How to install django-cuddlybuddly-ssl
- Download and install ActivePython
- Open Command Prompt
- Type
pypm install django-cuddlybuddly-ssl
Lastest release
A Django app that provides middleware to redirect views to and from https and http.
Installation
- Add cuddlybuddly.ssl to INSTALLED_APPS.
- Add cuddlybuddly.ssl.middleware.SSLMiddleware to MIDDLEWARE_CLASSES.
Usage
In your URLconf set the keyword argument to enable or disable redirects for a view. By default all views are redirected to http.
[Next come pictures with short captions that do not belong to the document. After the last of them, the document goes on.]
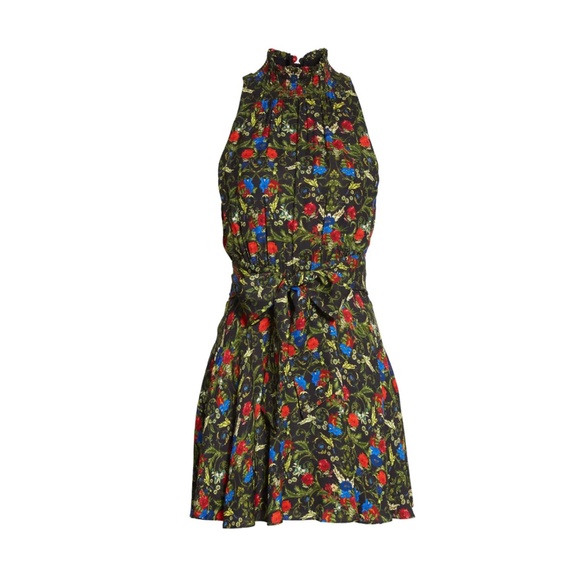 Alice + Olivia Dita Smocked Neck Floral Print Dress - Picture 5 of 5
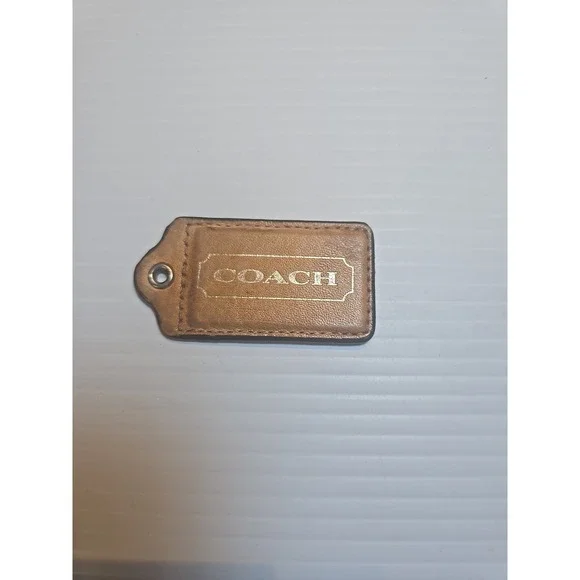 COACH Tan Brown Leather Vintage Style Replacement Hang Tag Charm Purse Handbag‎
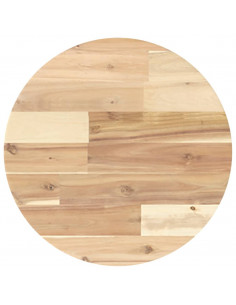 Piano Tavolo Rotondo Ø40x4 cm in Legno Massello di Acacia 2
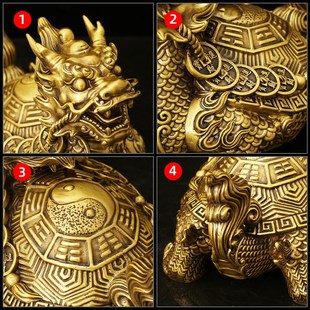 黄铜龙龟高端摆件纯铜招财霸下母子八卦开盖龙龟兽烟灰缸化解大号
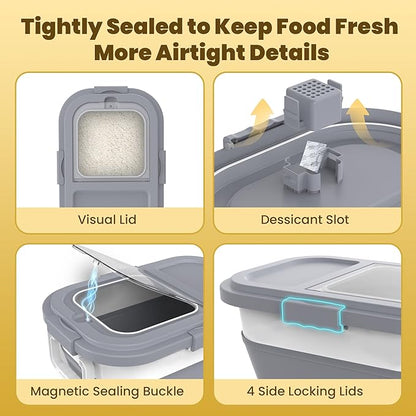 HOYTAMDA 25-35Lbs Rice Container, Collapsible Airtight Food Storage Containers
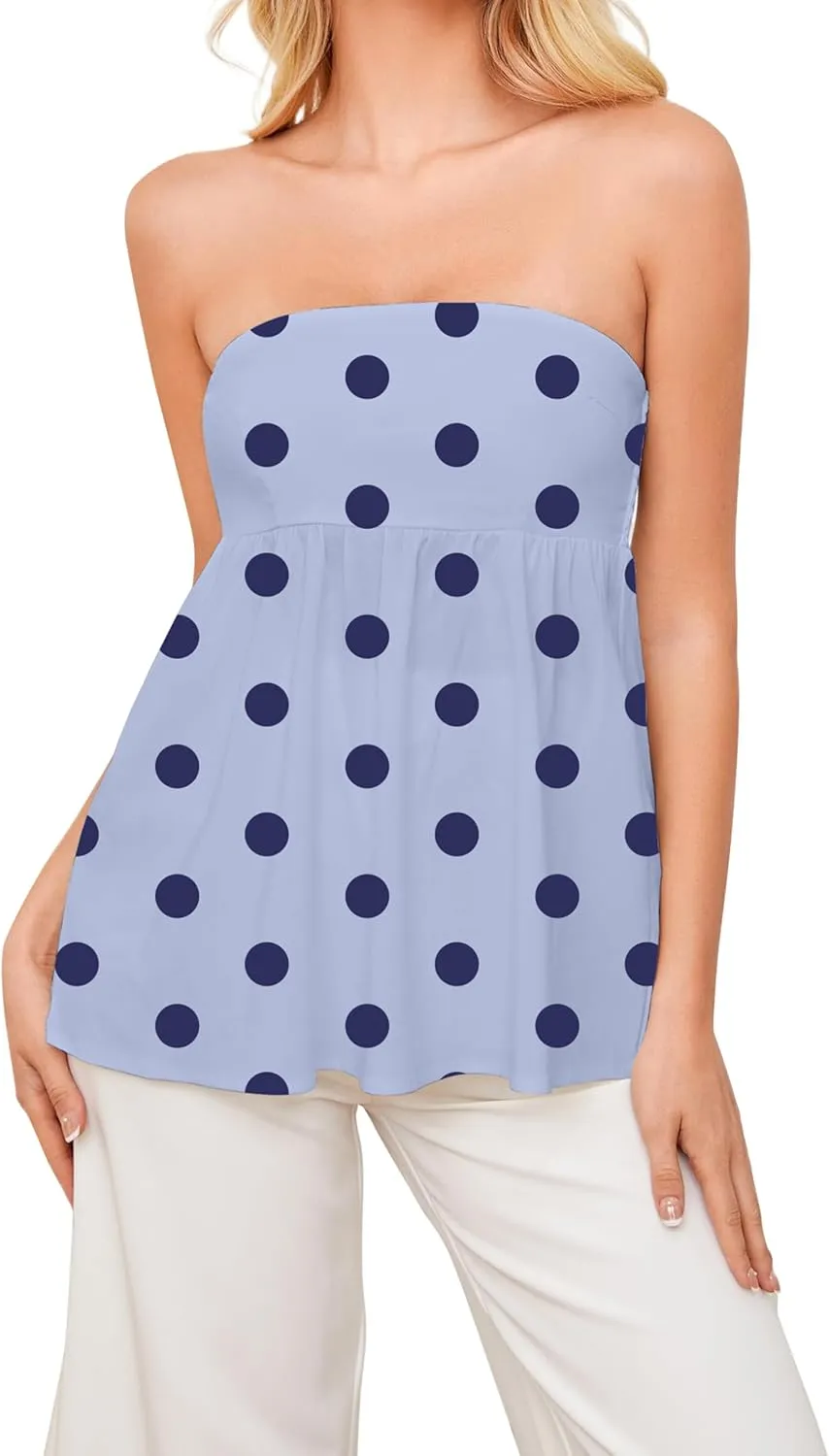 Ythomm Womenss Ruffle Hem Bandeau Tube Tops Casual Sleeveless Strapless Peplum Flowy Blouse Shirts Summer Going Out Tanks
Look at the CUDDLYBUDDLY_SSL_DEFAULT setting to change this behaviour.
To force a view to redirect to https you can do the following in your URLconf:
from cuddlybuddly.ssl.constants import CUDDLYBUDDLY_SSL_ALWAYS ... (r'^myview/$', 'myview.index', {'ssl': CUDDLYBUDDLY_SSL_ALWAYS})
Or simply with a boolean or integer:
(r'^myview/$', 'myview.index', {'ssl': True}) (r'^myview/$', 'myview.index', {'ssl': 2})
For example, you could protect the entire admin site with this:
from django.contrib import admin from cuddlybuddly.ssl.constants import CUDDLYBUDDLY_SSL_ALWAYS ... (r'^admin/$', include(admin.site.urls), {'ssl': CUDDLYBUDDLY_SSL_ALWAYS})
To force a view to always use http you can do any of the above except set ssl to either CUDDLBUDDLY_SSL_NEVER, False or 0.
To allow a view to be accessed by either http or https and to just leave it how it was accessed set ssl to either CUDDLYBUDDLY_SSL_ASIS or 1.
Settings
CUDDLYBUDDLY_SSL_ENABLED
Sets whether the SSL middleware is actually enabled and will perform redirects. It defaults to True.
Since runserver doesn't support https I usually do something like this in settings.py:
CUDDLYBUDDLY_SSL_ENABLED = not DEBUG
CUDDLYBUDDLY_SSL_KEY
Sets the name of the keyword argument to look at to decide whether anything needs to be redirected. It defaults to ssl.
This exists because I figured there's a good chance of another app wanting to use something as short and precise as ssl for something else and so this setting provides an easy way to avoid potential conflicts.
CUDDLYBUDDLY_SSL_DEFAULT
Decides what to do when CUDDLYBUDDLY_SSL_KEY is not found in the view's kwargs. It defaults to CUDDLYBUDDLY_SSL_NEVER and so unless otherwise specified all views will be redirected to regular http.
To force all views to use https unless otherwise specified you would do the following in settings.py:
from cuddlybuddly.ssl.constants import CUDDLYBUDDLY_SSL_ALWAYS CUDDLYBUDDLY_SSL_DEFAULT = CUDDLYBUDDLY_SSL_ALWAYS
Possible values are CUDDLYBUDDLY_SSL_NEVER, CUDDLYBUDDLY_SSL_ASIS and CUDDLYBUDDLY_SSL_ALWAYS.